My mind could not process those words together. My feet seemed nailed to the sidewalk, I was momentarily paralyzed – it may have been five seconds or less but I couldn’t move! When I finally absorbed the shock, I ran towards St. Peter’s Square where people were not quietly listening to what should have been a papal catechesis, rather they were going in all directions, asking each other what they heard, asking each other what they had seen. There were a lot of tears, so many people holding their heads, shaking their heads in disbelief, but always the tears.

My mind still could not conceive the words “They’ve shot the pope.” It was unbelievable, unimaginable. Who in their right mind would want to shoot a man of such magnificent spirituality, such great teaching, such wisdom and humanity and humor, a man whose entire life was a life of prayer, of service, of dedication, of singular love for his Church love for his people, for all people?
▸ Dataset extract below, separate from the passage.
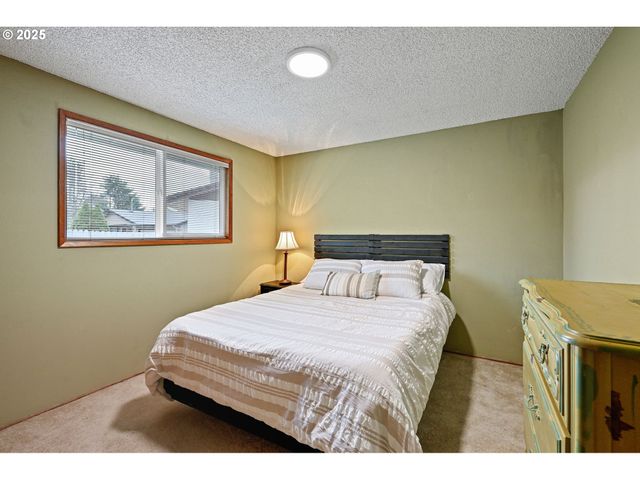 1500 CAROBELLE Ct, Cottage Grove, OR 97424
Where was that life now – 5:30 in the afternoon of Wednesday, May 13? Had it ended? Was it hanging in the balance? Was it possible to go from joy to sorrow in only a nanosecond?

As I was running towards the square to see what had happened, one of the more amazing things happened.
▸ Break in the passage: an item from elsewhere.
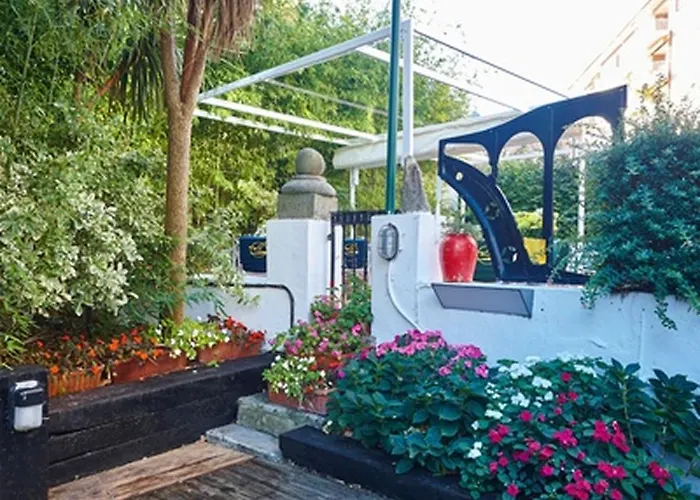 Hotel Atalaya- Free Parking Gratuito 2*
I entered St. Peter’s Square and asked in as many languages as I knew what people had heard and what they had seen. At a certain point, a very tall American priest, with an obviously worried expression on his face, came up and asked me if I knew the whereabouts of the two women in his pilgrimage group who had been shot along with Pope John Paul!

Naturally, I was absolutely floored and asked him their names and if he thought they had been taken to a hospital. To this day, 39 years later, I remember those names: Ann Odre was a senior citizen in Father’s group and Rose Hall was the wife of a military man who had just come from – or was perhaps going to – Germany to see him. I made inquiries and found that both women had been taken to the nearby Santo Spirito hospital where, a day or two later, I visited Ann Odre.

Obviously the confusion in the Square surpassed understanding. And, in a way, the relative silence surpassed understanding. There was probably more silence than there should have been with a crowd of that size but people were praying, people were not talking, so many were struck dumb by the idea someone would want to shoot a pope.

John Paul of course became the focus of everyone’s attention: the faithful in the square, the people of Rome whose bishop had just been shot and, thanks to the media, people around the world. As a member of the media, I ran back to the press office to tell my colleagues what I had learned. I worked for a weekly newspaper in Rome at the time – the International Daily American – and also wrote a weekly column for the National Catholic Register as the Rome bureau chief. Working for a weekly it was tough to have a scoop but what I had discovered in the square, especially the information about the two American women, had to be shared with all of my fellow journalists.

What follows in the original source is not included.